Removing unused import torch fixes it

Something about this import torch is side-effectful, and causes a segmentation fault (apparently while the Python process is exiting).

This can be verified via:

./run.py -T  # skip the unused `import torch`; segfault no longer occurs

If the nn.kneighbors call is commented out, the segfault also goes away. Perhaps there is a "use after free" problem with some data structures instantiated by cuml (probably cudf DataFrames)?

Minimizing the example

This is as minimal of a repro as I've found for this issue (which initially manifested in a Metaflow pipeline, during a call to scanpy.preprocessing.neighbors, on larger, proprietary data).

I've tried to reduce dependencies and update versions of what remains (see environment.yml). I originally hit the issue with CUDA 11.6, cuml==22.06.01, and Torch 1.12.1, but the repro persists on CUDA 11.7, cuml==22.12.00, and Torch 1.13.1.

Python faulthandler not working

I've tried to enable a more detailed stack trace from the segfault in a few places (Dockerfile#L4, neighbors.py#L7), per these instructions, but have so far been unable to get any more info about where the segfault is occurring.

Side-effectful import torch breaks with RAPIDS

It would be good to understand what side effects import torch has, which causes this subtle issue with subsequent cuml/RAPIDS execution (even when the imported torch is never used).

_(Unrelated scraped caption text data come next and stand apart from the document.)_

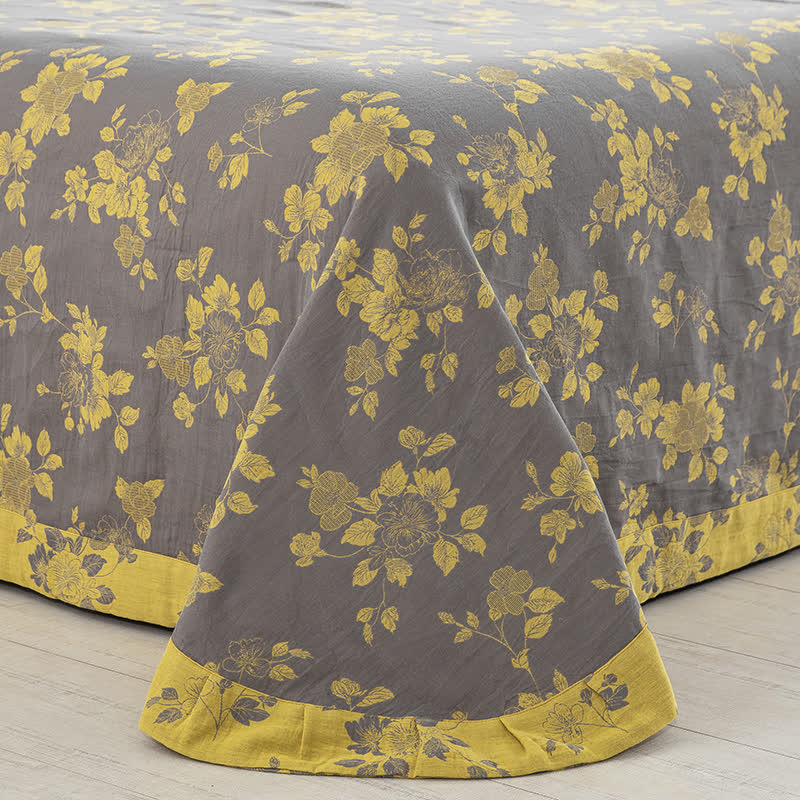 Set di biancheria da letto in jacquard di garza di cotone floreale rustico (4 pezzi)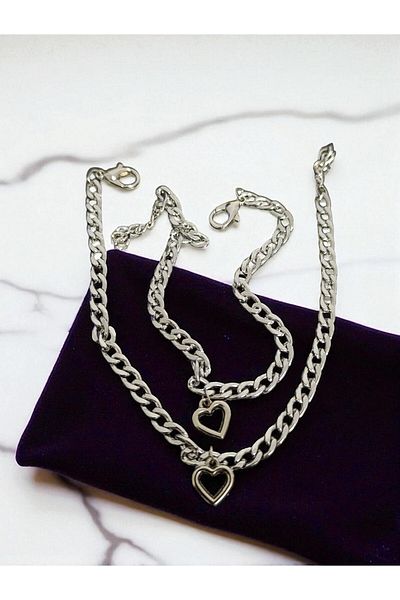 BeyzHal Double Heart Chain Bracelet Set – Lover / Friend Bracelet (2 Pieces)
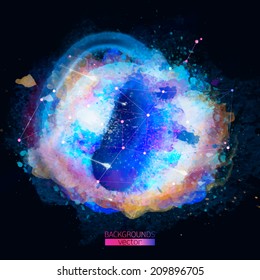 Abstract vector watercolor palette,dark background.Image of the galaxy,stars and constellations,vector illustration,a mixture of colors,stains with a spray of water colors,the author's work.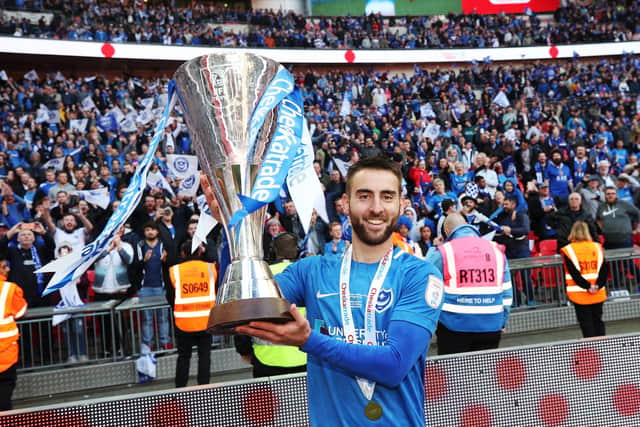 Ben Close celebrates the Checkatrade Trophy win in 2019.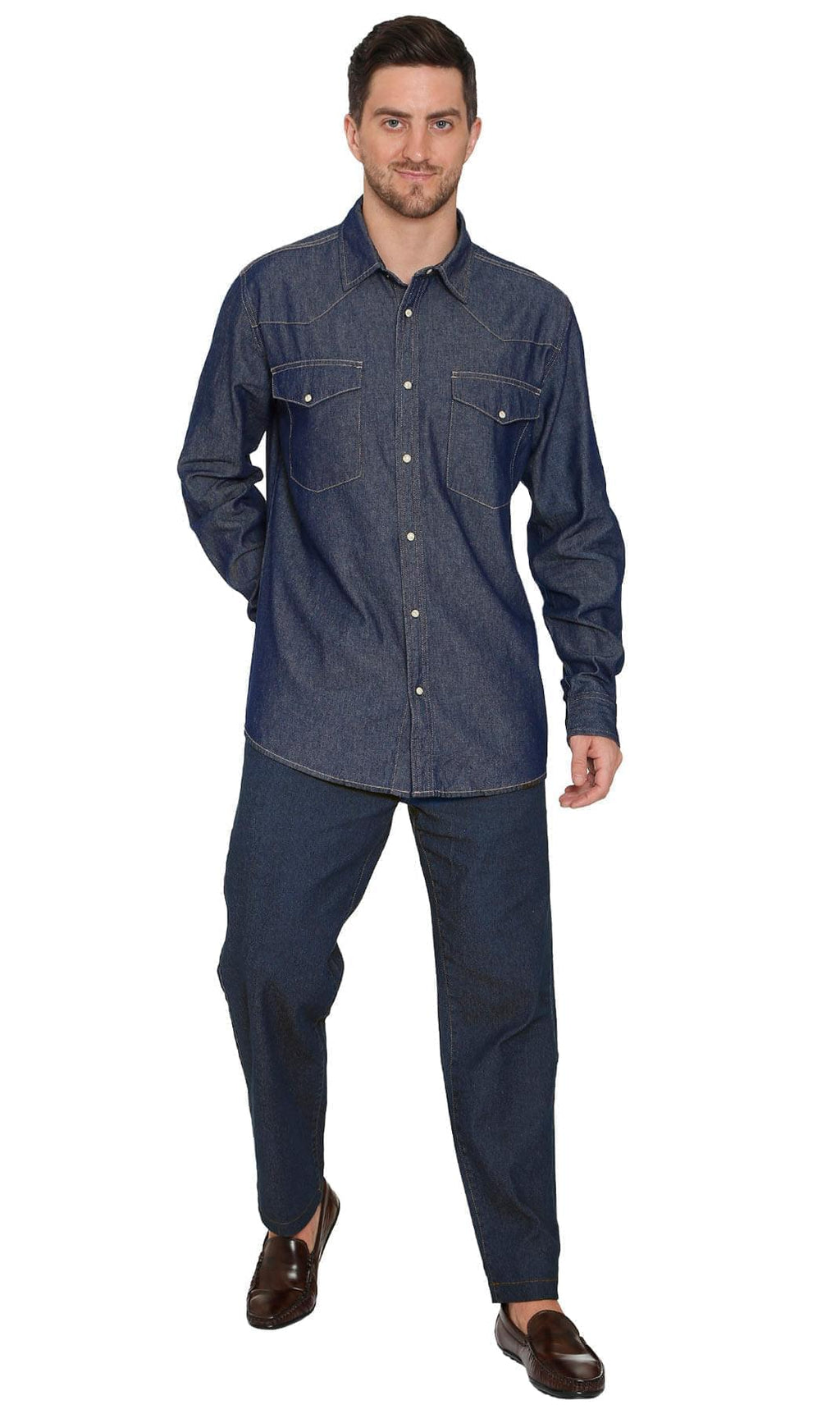 Front Double Pocket Men’s Button-Down Denim Long-Sleeve Casual Dress Shirt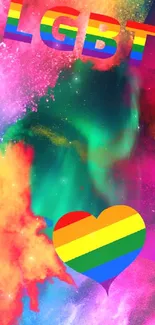 Colorful LGBT pride wallpaper with rainbow heart and text.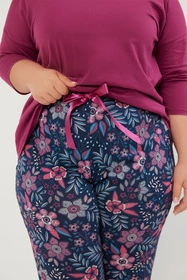 Italian Fashion Folk r.3/4 sp.7/8 Nocna piżama, jeżyna/druk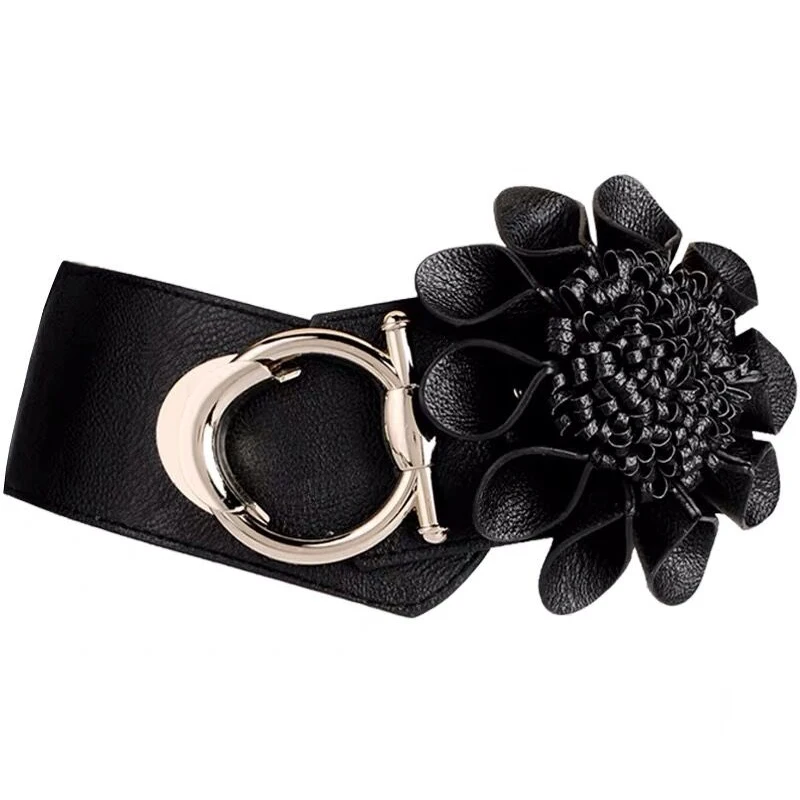 H3275 Black Waistband Ladies Elastic Wide PU Leather Waist Belt Women Korean Simple All-match Flower Casual Fashion Waist Seal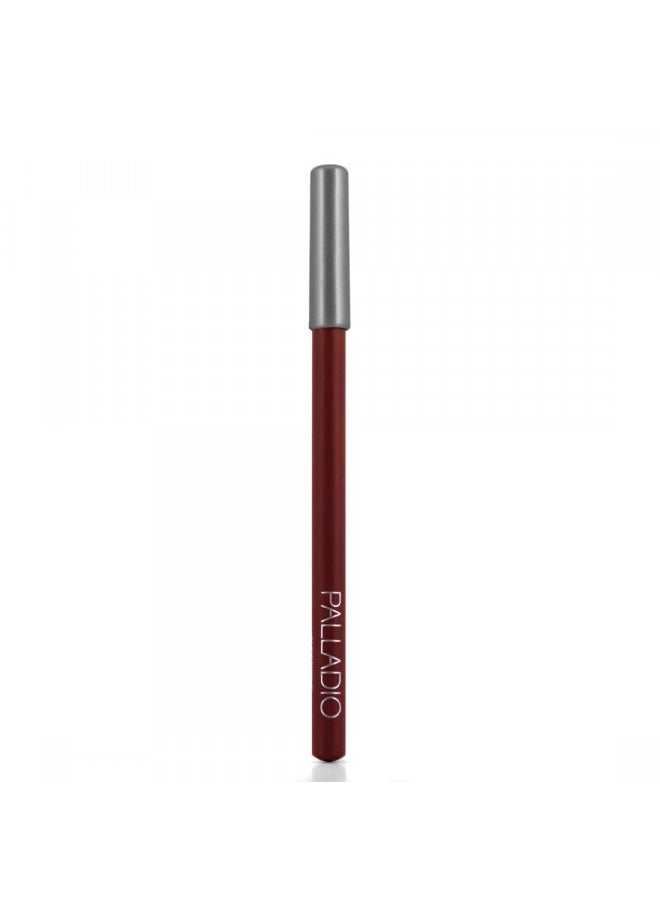 Palladio Lip Liner Pencil, Wooden, Firm yet Smooth, Contour and Line with Ease, Perfectly Outlined Lips, Comfortable, Hydrating, Moisturizing, Rich Pigmented Color, Long Lasting, Aubergine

In 2022 I ran into a similar issue (I believe with Torch 1.10 or 1.11, CUDA 11.4, and RAPIDS 21.x) where import cuml; import torch was fine, but import torch; import cuml raised a linker error. It seems like there are some deep and brittle interactions between these libraries.

Sensitivity calculations

I settled on exercising neighbors.py 30x to determine whether a given repro candidate exhibits the segfault. My 10% estimate (of the how likely a given run is to segfault) has remained fairly accurate and stable as I reduced the repro by several orders of magnitude (in terms of lines of code, and overall complexity).

The chance of a false positive (code falsely appears to work / not segfault) is 0.9^30 ≈ 4%.

  • In practice I believe I've run this 30x trial 100 times and only seen 1-2 such FPs (30 runs, no failures).
  • I ran it 400x once, and observed 42 failures with a maximum of 47 consecutive successes between two segfaults.

Bumping the number of repetitions to e.g. 50 (./run.py -n50) can further reduce uncertainty; in the common case, the first segfault appears much earlier, allowing for short-circuiting or initiating a subsequent run.